The first surprise was the words. For the first week, French words on signs began to pop out at me. The words weren’t even anything special except for the fact that I knew what they meant. There was a secret power in the knowing, as if I could place the word in my pocket to use later when I needed it. It was almost startling how vivid they became, little pieces of life strewn around the city that were ripe for the taking. I plundered the words, locked them away safe in my mind so that I could know. Not figure out, but know instinctively what they wanted to say.
It’s this instinct that allows me to know what words mean without translating them. I am surprised at how the words to the songs we sing in church touch my heart differently than they did even one month ago. They seem closer, more real. The words mean more now and are permeating every aspect of my life, even my dreams.
Of course, it helps that the words are really all around me. When I am in an English speaking country, it is easy to choose not to speak French. But here, I have no choice. There are people with whom I could not otherwise communicate unless I wrap my tongue around these strange syllables and take out the words I have locked away. And I am already learning again, every day.

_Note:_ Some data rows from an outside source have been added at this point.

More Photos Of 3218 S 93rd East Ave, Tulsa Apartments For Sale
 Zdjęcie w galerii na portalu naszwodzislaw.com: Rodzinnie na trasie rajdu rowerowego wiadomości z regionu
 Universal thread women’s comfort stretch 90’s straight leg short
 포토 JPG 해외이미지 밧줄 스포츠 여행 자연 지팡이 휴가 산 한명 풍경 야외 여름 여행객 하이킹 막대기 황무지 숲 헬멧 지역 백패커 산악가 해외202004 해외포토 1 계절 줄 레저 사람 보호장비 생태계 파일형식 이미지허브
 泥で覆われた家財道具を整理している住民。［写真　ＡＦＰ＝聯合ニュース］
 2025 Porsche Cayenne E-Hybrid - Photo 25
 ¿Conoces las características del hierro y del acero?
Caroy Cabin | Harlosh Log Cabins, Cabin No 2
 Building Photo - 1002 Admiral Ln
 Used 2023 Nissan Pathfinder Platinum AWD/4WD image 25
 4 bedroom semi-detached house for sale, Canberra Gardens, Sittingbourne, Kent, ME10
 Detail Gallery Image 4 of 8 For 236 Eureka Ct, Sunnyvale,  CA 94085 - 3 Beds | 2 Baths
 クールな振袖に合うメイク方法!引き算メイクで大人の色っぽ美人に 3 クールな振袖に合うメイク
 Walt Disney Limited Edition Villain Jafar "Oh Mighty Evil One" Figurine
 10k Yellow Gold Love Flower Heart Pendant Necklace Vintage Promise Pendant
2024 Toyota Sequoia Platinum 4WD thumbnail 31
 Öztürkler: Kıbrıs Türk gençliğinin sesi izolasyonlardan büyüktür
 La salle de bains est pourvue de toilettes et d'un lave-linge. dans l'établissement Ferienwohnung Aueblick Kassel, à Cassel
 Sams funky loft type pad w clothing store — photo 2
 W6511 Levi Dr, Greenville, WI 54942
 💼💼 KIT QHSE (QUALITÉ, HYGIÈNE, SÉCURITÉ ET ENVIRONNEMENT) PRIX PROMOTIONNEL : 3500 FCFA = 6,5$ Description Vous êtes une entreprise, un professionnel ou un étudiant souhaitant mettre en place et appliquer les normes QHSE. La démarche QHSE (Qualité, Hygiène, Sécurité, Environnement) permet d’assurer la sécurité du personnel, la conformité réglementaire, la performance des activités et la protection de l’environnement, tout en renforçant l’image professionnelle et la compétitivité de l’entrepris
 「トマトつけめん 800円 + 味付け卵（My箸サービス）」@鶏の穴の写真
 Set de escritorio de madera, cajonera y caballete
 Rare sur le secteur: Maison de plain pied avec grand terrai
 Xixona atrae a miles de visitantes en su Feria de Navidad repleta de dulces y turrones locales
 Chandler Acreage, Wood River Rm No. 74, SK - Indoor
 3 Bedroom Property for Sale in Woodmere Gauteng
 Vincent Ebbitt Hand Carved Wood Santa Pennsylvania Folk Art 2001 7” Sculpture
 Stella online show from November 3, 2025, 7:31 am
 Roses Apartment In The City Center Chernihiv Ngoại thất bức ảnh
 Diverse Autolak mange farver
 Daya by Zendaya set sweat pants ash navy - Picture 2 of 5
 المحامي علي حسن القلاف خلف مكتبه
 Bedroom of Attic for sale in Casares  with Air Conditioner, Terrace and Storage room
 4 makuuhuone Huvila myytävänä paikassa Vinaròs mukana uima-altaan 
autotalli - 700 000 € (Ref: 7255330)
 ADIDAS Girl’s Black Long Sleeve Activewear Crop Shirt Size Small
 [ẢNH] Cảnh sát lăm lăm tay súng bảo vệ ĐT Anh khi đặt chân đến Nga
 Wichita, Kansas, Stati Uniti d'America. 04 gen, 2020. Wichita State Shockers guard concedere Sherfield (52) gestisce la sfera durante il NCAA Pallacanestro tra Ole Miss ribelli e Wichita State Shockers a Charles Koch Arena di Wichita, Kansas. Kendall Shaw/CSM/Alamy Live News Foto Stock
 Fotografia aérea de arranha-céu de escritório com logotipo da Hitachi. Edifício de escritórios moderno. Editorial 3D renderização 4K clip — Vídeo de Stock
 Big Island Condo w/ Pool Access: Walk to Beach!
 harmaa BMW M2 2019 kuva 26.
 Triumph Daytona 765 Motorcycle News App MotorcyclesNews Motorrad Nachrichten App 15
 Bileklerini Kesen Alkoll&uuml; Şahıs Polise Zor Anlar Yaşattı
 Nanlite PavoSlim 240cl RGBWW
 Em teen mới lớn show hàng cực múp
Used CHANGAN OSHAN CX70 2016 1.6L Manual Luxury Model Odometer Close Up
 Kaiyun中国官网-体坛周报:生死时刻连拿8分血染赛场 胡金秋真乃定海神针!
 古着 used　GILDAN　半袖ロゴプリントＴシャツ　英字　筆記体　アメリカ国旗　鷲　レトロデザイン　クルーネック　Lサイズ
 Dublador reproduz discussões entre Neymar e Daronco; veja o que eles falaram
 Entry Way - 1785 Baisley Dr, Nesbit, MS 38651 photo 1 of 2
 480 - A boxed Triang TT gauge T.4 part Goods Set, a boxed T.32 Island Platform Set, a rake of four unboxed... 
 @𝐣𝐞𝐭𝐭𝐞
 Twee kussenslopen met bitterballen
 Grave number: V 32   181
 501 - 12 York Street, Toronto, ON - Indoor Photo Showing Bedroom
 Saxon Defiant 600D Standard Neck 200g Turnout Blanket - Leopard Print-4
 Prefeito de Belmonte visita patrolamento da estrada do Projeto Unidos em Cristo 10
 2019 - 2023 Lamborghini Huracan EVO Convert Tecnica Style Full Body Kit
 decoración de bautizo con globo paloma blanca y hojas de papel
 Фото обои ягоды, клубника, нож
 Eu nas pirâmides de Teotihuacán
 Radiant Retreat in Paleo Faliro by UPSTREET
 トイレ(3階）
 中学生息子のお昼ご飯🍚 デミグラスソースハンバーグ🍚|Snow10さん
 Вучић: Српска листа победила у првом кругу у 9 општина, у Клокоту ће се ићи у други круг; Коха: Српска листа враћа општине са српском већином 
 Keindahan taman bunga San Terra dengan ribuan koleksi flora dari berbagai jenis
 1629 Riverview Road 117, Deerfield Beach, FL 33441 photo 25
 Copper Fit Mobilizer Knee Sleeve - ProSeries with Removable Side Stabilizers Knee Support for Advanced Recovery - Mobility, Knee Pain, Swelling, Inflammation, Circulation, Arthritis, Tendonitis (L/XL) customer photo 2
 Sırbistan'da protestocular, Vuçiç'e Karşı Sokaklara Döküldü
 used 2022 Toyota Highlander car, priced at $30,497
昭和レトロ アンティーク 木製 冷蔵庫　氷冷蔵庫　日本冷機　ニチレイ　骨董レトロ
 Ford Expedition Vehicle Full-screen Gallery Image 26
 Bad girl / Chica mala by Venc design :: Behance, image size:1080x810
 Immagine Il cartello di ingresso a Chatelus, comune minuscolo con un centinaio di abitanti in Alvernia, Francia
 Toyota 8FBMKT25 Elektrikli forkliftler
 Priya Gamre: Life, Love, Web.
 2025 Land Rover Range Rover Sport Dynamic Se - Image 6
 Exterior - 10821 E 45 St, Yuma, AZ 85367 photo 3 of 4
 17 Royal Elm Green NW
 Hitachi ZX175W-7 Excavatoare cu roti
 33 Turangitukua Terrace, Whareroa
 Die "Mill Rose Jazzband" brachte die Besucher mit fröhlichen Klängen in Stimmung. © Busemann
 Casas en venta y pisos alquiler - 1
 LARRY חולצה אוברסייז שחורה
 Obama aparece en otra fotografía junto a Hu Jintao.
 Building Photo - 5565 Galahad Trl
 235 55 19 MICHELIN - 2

Sometimes I still feel like I am speaking in code. It seems cryptic and difficult, yet this code is the primary means with which a people think, discuss and dream. And slowly, I am cracking it, using this code to become a little more like them, discerning more with every conversation. There are times when it is a struggle, and then other times where I am walking down the street and I catch myself thinking in French. Cryptic or comforting, foreign or familiar, it’s becoming a part of me in a way that makes me think that no matter what happens, I will never be the same.